La cúpula de la Iglesia católica dominicana luce congelada. Ha perdido el camino de avanzada que trazó el Cardenal López Rodríguez. Es cada día más conservadora, y rehuye los temas políticos y sociales. Solo deja oír su voz unas cuatro veces al año, en los tradicionales mensajes con motivo de actos patrióticos o religiosos.

El pueblo necesita una iglesia más militante, que vaya a defender los intereses de la mayoría de sus feligreses. Los pobres de la tierra no tienen quien los defienda, y es vital que desde el púlpito se escuche la voz de los ensotanados. Por ser el grupo religioso con más poder mediático, tiene también una gran responsabilidad.

Con motivo de la celebración de un nuevo aniversario de la Independencia Nacional, los católicos emiten su tradicional mensaje. Ahora están pidiendo enfrentar el narco, la impunidad, la corrupción, los males sociales, aplicar las leyes migratorias y que la juventud tenga mayores oportunidades.

Saludamos la acción de la Conferencia del Episcopado Dominicano. Es valiente dar la cara en la búsqueda de soluciones de este problema. Lo ideal es que desde este momento se deje a un lado la línea conservadora, y el hielo se rompa, y se comience a luchar por un mundo mejor. Los curas pueden jugar un papel estelar en la búsqueda de una mejor equidad social y poner término a las exclusiones.

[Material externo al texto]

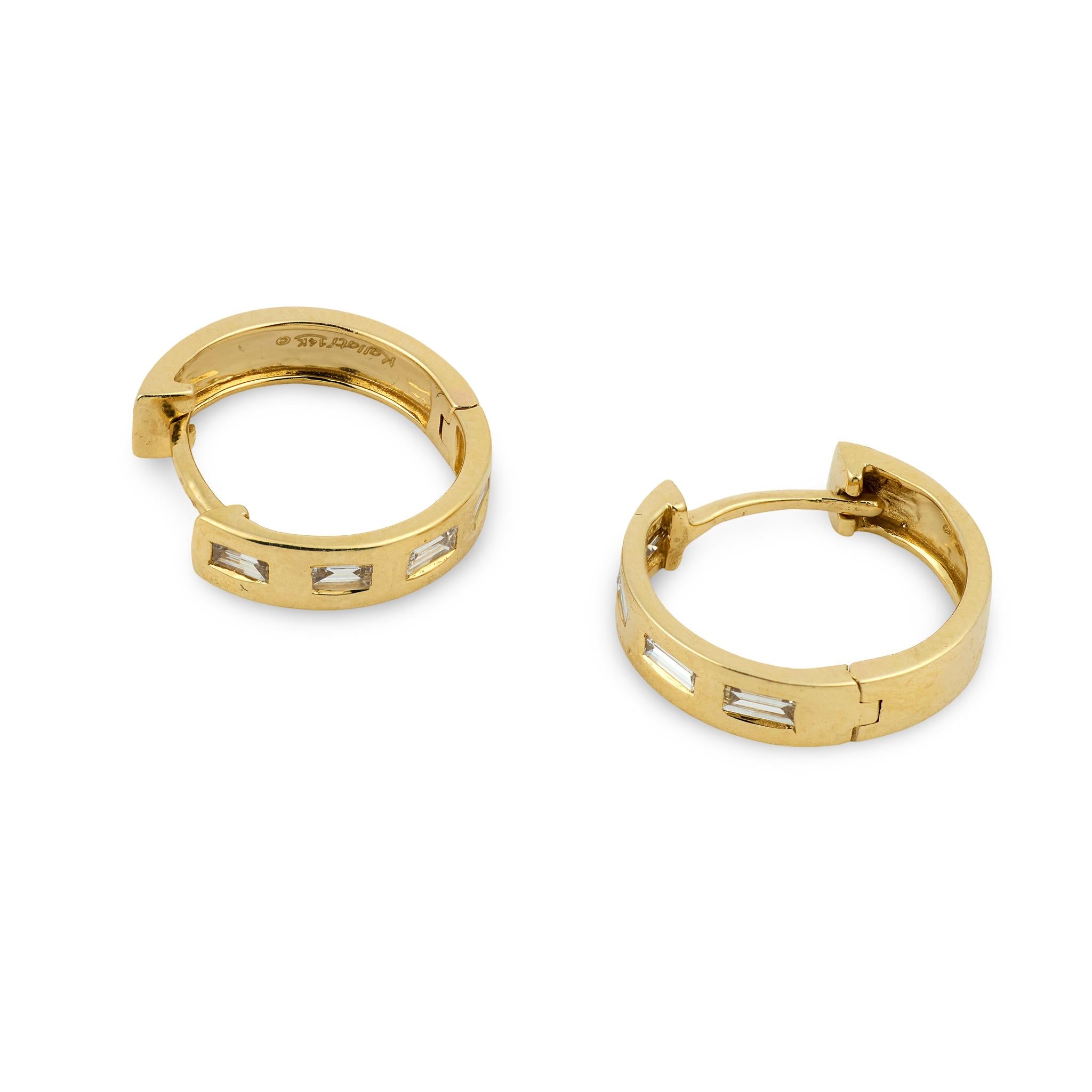 Estate 14k Diamond Huggie Hoop Earrings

Hay dos puntos que tienen que ser analizados para dentro y para fuera de la iglesia; la impunidad y la corrupción. Ambos se han dado dentro del corazón de los católicos, y la alta curia ha sido indiferente a las denuncias y a los castigos.

Hay que erradicar a los curas pederastas, y a los que utilizan su poder desde el púlpito para dar su respaldo a políticos corruptos. La iglesia tiene que dar el ejemplo. Tiene que ser critica, y hacer valer el enunciado de Jesús en Mateo 5:30: "Y si tu mano derecha te es ocasión de caer, córtala, y échala de ti; pues mejor te es que uno de tus miembros se pierda, y no que todo tu cuerpo sea lanzado al infierno". ¡Ay!, se me acabó la tinta.